Em 2002, o filme teve roteiro e direção de Fernando Meirelles, Bráulio Mantovani e Kátia Lund. Agora, Renata, a única roteirista negra da trama, celebra a conquista de representatividade, mas deixa claro que ainda há muito pela frente: “Em 1999 eu assinei a minha carteira na TV Globo como autora-roteirista. Óbvio que eu olhava para os lados e eu não via ninguém como eu. Eu via majoritariamente homens ou, na sua minoria, mulheres brancas. Eu vim da periferia do Rio de Janeiro”.

“A gente vê diferenças agora porque existem muito mais mulheres negras trabalhando. Porque as pessoas estão em posições de liderança. Há programas que conseguem incorporar profissionais negros e estabelecerem minimamente um plano de carreira para essas pessoas”.

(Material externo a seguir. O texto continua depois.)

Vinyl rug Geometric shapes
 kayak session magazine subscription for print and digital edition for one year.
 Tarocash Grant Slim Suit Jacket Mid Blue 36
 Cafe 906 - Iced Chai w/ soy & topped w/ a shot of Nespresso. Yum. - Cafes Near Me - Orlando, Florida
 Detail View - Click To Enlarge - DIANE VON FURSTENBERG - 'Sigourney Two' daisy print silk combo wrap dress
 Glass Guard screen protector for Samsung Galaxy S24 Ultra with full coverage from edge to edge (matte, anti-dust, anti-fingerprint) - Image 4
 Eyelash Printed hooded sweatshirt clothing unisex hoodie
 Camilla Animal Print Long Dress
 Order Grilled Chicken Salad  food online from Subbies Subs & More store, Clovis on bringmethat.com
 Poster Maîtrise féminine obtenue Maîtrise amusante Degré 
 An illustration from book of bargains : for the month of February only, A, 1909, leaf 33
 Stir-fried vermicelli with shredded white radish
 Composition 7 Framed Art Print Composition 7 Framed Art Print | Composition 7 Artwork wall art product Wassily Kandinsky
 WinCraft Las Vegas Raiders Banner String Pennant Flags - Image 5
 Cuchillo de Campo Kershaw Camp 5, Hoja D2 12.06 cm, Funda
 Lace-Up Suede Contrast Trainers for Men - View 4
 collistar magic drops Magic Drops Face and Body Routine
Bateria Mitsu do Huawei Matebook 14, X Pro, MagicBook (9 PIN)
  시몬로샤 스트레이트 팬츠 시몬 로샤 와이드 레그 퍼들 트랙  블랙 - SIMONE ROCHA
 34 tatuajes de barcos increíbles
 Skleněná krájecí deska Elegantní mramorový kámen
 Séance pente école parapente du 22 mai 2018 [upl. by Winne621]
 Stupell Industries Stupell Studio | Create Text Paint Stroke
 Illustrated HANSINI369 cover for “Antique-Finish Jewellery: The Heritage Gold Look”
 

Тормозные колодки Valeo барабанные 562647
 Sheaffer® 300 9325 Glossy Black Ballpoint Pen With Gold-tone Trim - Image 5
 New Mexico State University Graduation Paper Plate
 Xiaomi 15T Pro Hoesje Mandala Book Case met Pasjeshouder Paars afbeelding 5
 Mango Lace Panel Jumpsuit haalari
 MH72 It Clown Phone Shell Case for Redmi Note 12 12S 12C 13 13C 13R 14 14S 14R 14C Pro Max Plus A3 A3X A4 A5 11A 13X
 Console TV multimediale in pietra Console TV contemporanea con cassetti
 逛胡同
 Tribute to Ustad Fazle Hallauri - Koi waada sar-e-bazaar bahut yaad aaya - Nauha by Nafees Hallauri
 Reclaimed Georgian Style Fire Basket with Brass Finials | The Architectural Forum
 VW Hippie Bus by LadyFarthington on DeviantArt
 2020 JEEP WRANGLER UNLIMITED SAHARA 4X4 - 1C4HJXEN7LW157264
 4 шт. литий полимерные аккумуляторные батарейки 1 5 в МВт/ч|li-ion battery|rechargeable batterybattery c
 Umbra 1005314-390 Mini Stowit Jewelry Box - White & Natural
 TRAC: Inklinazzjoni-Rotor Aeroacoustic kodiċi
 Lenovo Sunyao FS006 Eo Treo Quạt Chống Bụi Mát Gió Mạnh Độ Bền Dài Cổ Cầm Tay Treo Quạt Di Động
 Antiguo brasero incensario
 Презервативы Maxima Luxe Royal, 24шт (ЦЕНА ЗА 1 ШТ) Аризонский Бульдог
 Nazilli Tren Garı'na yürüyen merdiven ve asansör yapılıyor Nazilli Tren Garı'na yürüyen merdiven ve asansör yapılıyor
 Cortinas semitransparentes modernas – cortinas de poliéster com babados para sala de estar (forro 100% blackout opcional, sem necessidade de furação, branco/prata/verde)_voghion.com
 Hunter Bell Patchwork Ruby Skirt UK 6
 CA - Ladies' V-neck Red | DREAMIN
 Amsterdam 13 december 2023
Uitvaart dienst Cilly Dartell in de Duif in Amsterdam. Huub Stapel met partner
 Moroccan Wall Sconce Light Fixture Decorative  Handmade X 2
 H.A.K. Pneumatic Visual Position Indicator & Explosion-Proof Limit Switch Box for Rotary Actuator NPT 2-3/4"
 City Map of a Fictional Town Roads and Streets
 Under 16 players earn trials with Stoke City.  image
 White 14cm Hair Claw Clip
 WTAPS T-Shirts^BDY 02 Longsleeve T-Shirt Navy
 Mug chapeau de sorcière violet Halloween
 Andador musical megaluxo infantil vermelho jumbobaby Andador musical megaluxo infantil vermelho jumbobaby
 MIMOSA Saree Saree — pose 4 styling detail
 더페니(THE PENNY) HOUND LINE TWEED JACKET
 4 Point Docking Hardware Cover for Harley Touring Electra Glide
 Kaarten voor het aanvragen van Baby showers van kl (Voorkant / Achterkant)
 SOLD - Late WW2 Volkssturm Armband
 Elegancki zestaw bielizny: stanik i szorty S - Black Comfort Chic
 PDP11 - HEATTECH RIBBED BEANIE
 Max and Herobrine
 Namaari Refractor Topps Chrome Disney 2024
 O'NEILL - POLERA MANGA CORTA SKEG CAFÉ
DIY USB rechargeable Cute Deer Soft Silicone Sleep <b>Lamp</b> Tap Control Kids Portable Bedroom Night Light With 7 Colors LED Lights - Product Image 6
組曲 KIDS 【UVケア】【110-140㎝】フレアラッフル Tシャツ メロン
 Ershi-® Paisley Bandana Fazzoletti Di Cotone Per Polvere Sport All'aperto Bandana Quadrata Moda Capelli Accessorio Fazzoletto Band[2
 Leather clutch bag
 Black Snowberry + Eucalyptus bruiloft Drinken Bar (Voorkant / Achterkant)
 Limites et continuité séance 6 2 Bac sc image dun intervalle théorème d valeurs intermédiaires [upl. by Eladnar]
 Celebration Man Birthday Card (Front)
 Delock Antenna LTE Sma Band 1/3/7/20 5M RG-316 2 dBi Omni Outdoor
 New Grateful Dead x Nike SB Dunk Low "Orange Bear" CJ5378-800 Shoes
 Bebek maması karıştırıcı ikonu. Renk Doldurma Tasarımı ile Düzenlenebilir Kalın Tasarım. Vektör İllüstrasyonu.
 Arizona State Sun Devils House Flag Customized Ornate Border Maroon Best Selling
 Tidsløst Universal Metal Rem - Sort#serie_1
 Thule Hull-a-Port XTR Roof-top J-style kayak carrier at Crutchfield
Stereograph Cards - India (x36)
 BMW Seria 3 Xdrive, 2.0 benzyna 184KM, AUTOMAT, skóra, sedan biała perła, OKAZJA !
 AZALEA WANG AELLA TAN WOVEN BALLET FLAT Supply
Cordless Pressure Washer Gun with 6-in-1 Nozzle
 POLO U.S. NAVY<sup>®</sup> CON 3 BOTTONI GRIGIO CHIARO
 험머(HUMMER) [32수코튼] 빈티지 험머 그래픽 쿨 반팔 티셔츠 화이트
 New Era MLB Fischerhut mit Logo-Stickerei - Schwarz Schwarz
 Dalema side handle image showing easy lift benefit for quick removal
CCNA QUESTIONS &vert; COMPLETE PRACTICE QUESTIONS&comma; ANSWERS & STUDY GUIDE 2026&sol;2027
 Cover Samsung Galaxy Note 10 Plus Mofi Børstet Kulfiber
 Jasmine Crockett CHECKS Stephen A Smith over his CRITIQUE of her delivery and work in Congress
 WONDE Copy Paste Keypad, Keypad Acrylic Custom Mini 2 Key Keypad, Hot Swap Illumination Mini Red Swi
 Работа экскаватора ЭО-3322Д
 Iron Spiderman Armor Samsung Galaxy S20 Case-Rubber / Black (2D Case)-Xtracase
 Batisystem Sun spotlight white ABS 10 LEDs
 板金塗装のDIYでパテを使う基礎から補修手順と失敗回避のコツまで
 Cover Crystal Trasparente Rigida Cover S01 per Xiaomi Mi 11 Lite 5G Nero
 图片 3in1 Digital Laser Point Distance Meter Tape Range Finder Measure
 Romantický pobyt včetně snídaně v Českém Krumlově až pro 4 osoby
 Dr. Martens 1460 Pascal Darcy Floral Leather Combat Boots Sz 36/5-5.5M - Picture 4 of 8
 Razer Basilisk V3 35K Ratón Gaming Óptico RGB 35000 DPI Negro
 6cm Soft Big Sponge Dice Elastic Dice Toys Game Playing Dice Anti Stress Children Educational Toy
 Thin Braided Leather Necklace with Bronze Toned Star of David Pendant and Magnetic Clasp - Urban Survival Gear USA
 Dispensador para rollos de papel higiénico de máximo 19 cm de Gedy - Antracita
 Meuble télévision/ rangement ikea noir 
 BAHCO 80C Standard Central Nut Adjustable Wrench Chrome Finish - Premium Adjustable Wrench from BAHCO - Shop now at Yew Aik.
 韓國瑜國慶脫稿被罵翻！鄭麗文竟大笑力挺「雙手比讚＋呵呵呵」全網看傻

A escritora fala também sobre o objetivo da série de desmontar os estereótipos construídos sobre as mulheres negras: “Essas personagens são fortes, mas elas têm direito à fragilidade. Mesmo colocando-as na perspectiva da intelectualidade, permitimos que elas vivam um cotidiano não só de dor”. “É um cotidiano de uma mãe que abraça o filho quando chega da escola, que prepara festa de aniversário, que frequenta a escola de samba”.

“Cidade de Deus” tem ainda Marcos Palmeira (Curió), Alexandre Rodrigues (Buscapé) e Edson Oliveira (Barbantinho) no elenco. A direção é de Aly Muritiba de “Deserto Particular” e “Cangaço Novo”. A estreia está prevista para 2024 no streaming da HBO.